EDA is in trouble. It has become a fat change-averse business in a fast-changing environment. Even as the electronic system market is growing strongly, it is fragmenting. More and more of the volume is in comparatively small markets (see the figure). No one market is as dominant as, for example, the PC was in the 1990s.

The reasons lie in the economics of semiconductor manufacturing. A chip now costs so much to design and produce that only the largest markets can justify the cost. Smaller ones must aggregate demand so multiple systems can be designed around a single chip. Differentiation is accomplished in programming either at the hardware level (FPGA and programmable system-on-a-chip, or PSoC) or the software level. Meanwhile, EDA remains focused on hardware design.


In the future, the dominant design paradigm will start with software, probably written in C/C++. Some of that software will be synthesized onto FPGAs as hardware. The rest will be compiled to run on processors implemented in the FPGA. But it’s more than just the software necessary to run on the FPGA or SoC.

It’s also about signing off hardware that co-optimizes the software. The idea is that we need to get the software that specifies the system right on a conceptual level, and then hardware design becomes a matter of creating a silicon fabric (SoC, PSoC, or FPGA) that can run the software fast enough at minimal power. There are two key pieces of technology.

The first is high-level synthesis, which should be seen as a type of compilation of behavior into hardware. In the end, the system product delivers a behavior or application. It isn’t simply some sort of productivity tool as register transfer level (RTL) designers move up to the next level. RTL designers will be bypassed, not made more productive.

The other key technology is FPGA and PSoC technology itself. Today, FPGAs offer almost unlimited capacity and unlimited pins. For some applications, especially ones requiring some analog, PSoCs provide less flexibility but can hit a sweeter spot in the power/performance/price matrix. FPGAs will become the default implementation medium.


The classic argument for avoiding FPGAs was that you could reduce the manufacturing cost enough to amortize the design cost of a chip. But very few designs run in high enough volume to amortize the cost of doing an SoC or ASIC in today’s leading-edge processes, and the cost and risk are rising fast. FPGAs remove a lot of the silicon risk.

FPGAs represent more than half the volume of leading-edge process nodes at the big foundries. They are the first logic in a new foundry process, and they drive the semiconductor learning curve. Also, FPGAs drive up the yield because their structural regularity is much like a memory but in a standard CMOS logic process. So if you need to do a 45- or a 32-nm design, the easiest approach is to go with FPGAs.

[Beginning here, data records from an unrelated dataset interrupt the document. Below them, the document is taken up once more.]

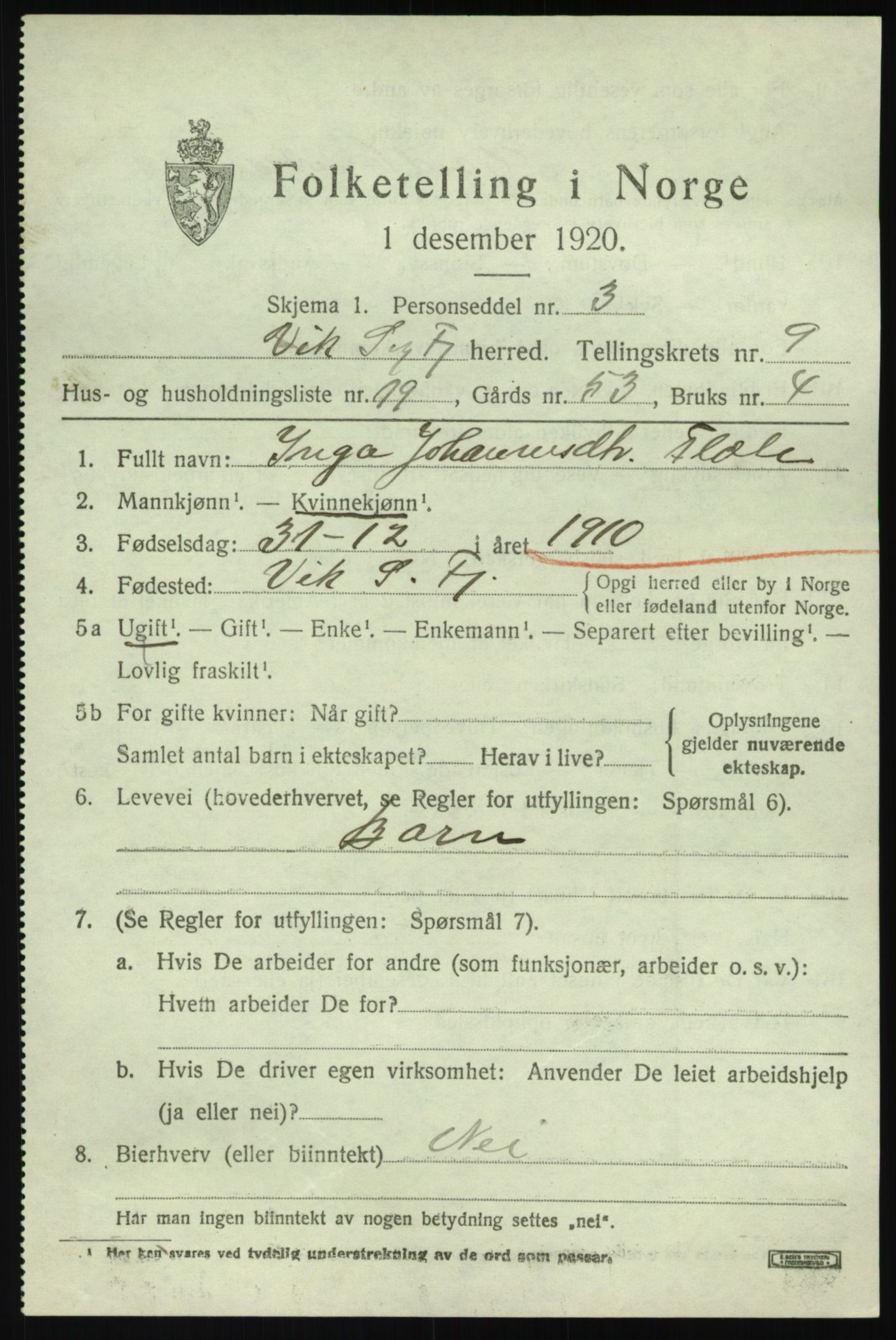 SAB, 1920 census for Vik, 1920, p. 5737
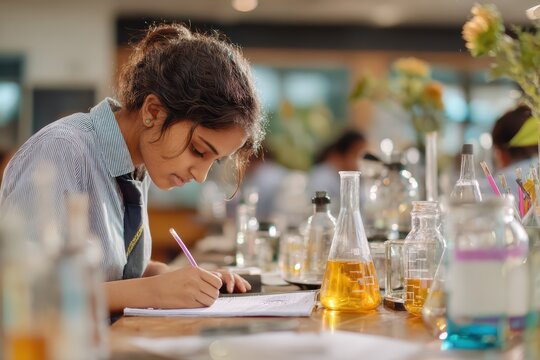 an Indian female student in school uniform working on a science experiment - Powered by Adobe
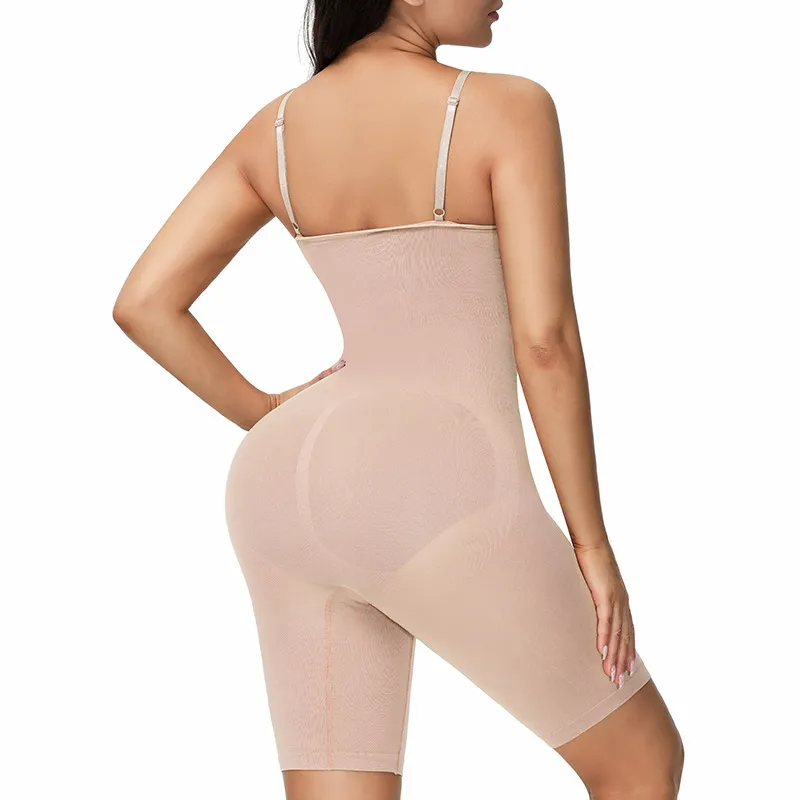Women High-Rise Tummy Control Shapewear Seamless Bodysuit Butt Lifter Bodysuit Mid Thigh Body Shaper Shorts (Without Chest Pad) Apricot big image 1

Only the highest-volume consumer markets can justify a custom SoC.

However, these high-end FPGAs require an ASIC-like design methodology, not just tools from the FPGA vendor. The challenge for EDA in this new world is to address these system-scale designs implemented in FPGAs. That is largely not in the big semiconductor companies, i.e., the 20% of EDA’s customers that bring 80% of their revenue. It is much more dispersed.

This resembles the democratization of design by ASICs in the early 1980s. Then, front-end IC design was pushed out into the system companies because that’s where the differentiation was. Now, the differentiation has moved up to software. System companies no longer care about IC design, and it has almost completely moved back into the semiconductor companies.

But apart from a few startups, EDA is largely ignoring this new world where the most important layers are higher than they used to be, software and quasi-software that can be mapped into or onto hardware. Of course it is a “innovator’s dilemma,” because the big semiconductor companies that are EDA’s main revenue source are the few remaining places where chips are designed from the ground up. But most electronic systems designs are going on in electronic system companies.